The Magnifying Endoscopy Simple Diagnostic Algorithm for Early Gastric Cancer (MESDA-G) has been proposed as a standardized diagnostic system using magnifying endoscopy with narrow-band imaging (M-NBI) for early gastric cancer (EGC), and its usefulness has been reported. However, we sometimes encountered false-negative cases with M-NBI diagnosis (M-NBI diagnostic limitation EGC: MDL-EGC) (Endosc Int Open, 2020). On the other hand, we previously developed automatic analysis software for gastric mucosal blood flow rate and demonstrated that EGCs exhibit significantly slower flow rates compared with reddish non-neoplastic mucosa, supporting its diagnostic utility (J Gastroenterol Hepatol, 2021). Nevertheless, blood flow rate analysis for MDL-EGCs has not yet been investigated. Therefore, the aim of this study was to evaluate blood flow rate in MDL-EGC and clarify the usefulness of the gastric mucosal blood flow rate analysis software.

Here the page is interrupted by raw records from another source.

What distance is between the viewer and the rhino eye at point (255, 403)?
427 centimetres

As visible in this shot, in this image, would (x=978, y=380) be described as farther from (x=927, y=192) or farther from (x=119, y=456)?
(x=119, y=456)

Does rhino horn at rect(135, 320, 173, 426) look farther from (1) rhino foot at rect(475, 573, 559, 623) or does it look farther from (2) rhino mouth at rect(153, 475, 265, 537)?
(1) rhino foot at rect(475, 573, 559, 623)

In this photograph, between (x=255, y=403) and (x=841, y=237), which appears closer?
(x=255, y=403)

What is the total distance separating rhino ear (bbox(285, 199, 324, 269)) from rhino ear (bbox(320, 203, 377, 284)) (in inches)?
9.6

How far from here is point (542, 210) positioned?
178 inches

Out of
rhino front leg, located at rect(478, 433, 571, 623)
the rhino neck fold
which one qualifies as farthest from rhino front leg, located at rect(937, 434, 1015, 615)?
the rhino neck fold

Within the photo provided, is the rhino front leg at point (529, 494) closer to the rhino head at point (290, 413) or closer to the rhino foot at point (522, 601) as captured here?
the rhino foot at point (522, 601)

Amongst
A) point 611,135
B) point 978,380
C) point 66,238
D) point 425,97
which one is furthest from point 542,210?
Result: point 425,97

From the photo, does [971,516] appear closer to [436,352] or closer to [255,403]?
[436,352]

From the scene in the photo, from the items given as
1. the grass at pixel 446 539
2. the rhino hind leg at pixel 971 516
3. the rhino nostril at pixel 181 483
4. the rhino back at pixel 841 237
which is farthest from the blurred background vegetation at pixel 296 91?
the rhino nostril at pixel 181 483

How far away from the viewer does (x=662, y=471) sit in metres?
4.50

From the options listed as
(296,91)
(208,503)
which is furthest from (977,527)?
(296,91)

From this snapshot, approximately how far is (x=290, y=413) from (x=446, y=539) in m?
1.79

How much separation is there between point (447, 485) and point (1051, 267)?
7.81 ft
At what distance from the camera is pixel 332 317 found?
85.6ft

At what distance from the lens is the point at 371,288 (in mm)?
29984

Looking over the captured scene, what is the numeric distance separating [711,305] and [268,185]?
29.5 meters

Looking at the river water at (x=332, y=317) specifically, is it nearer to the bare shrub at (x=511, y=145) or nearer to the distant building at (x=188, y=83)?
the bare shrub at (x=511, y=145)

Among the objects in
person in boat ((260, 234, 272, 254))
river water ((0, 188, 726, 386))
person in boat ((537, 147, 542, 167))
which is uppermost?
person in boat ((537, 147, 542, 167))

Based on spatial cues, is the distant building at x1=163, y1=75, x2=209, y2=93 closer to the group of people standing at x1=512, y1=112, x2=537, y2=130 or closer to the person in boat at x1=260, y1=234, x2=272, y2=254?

Among 286 patients (314 lesions) who underwent endoscopic submucosal dissection for EGC at our institution between February 2021 and January 2024, 38 lesions (12.1%) that were diagnosed as “non-cancer” according to MESDA-G were defined as MDL-EGCs and analyzed. Blood flow rate was measured using the automatic analysis software. The diagnostic performance for cancer was assessed using a previously established cutoff value (1.189 mm/s) derived from other test data sets. In addition, lesions were histopathologically classified, and blood flow rates were compared among the groups.

The 38 MDL-EGCs consisted of H. pylori status (current/past/never infection = 1/23/14), location (U/M/L = 15/10/13), macroscopic type (elevated/flat/depressed = 15/10/13), and invasion depth (M/SM = 24/14). Histologically, the lesions were classified into four groups: low-grade differentiated adenocarcinoma (n=12), signet-ring cell carcinoma (sig, n=5), gastric adenocarcinoma of fundic gland mucosa type (GA-FGM, n=5), and gastric adenocarcinoma of fundic gland type (GA-FG, n=16). The mean blood flow rate of all lesions was 1.169 mm/s, and 60.5% of lesions were diagnosed as cancer (<1.189 mm/s) by blood flow analysis (differentiated/sig/GA-FGM/GA-FG =(11/12, 91.7%)/(3/5, 60%)/(3/5, 60%)/(6/16, 37.5%)). Mean blood flow rates by group were 1.06, 1.13, 1.17, and 1.26 mm/s, respectively. GA-FG, in which the surface epithelium is covered by non-neoplastic mucosa, showed the highest blood flow rate, whereas low-grade differentiated adenocarcinoma, in which the tumor is exposed to the surface, showed the lowest blood flow rate. In signet-ring cell carcinoma, 60% (3/5) were correctly diagnosed as cancer by blood flow rate analysis, possibly due to tumor proliferation immediately beneath the non-neoplastic surface epithelium affecting surface blood flow.

This study is the first report to evaluate the usefulness of the analysis system for MDL-EGCs. In MDL-EGCs, blood flow rate analysis was suggested to be useful not only for low-grade differentiated adenocarcinoma and GA-FGM with surface tumor exposure but also for signet-ring cell carcinoma covered by non-neoplastic mucosa. Therefore, this analysis system has the potential to be useful in clinical practice. We hope for further investigation of various types of lesions and the development of a next-generation microvascular blood flow analysis system, which can be applied to clinical endoscopic practice.